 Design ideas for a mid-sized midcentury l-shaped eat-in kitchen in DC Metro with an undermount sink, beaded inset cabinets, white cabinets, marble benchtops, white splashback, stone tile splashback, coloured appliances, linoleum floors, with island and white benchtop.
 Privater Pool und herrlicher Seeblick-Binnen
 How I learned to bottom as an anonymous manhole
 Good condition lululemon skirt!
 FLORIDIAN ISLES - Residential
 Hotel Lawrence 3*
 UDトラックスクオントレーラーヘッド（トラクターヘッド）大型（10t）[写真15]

== PROBLEM ==
Copy exactly the lines that run from the one containing "FLORIDIAN ISLES - Residential" to the last line of the listing, both included, and nothing more.

== ANSWER SECTION ==
 FLORIDIAN ISLES - Residential
 Hotel Lawrence 3*
 UDトラックスクオントレーラーヘッド（トラクターヘッド）大型（10t）[写真15]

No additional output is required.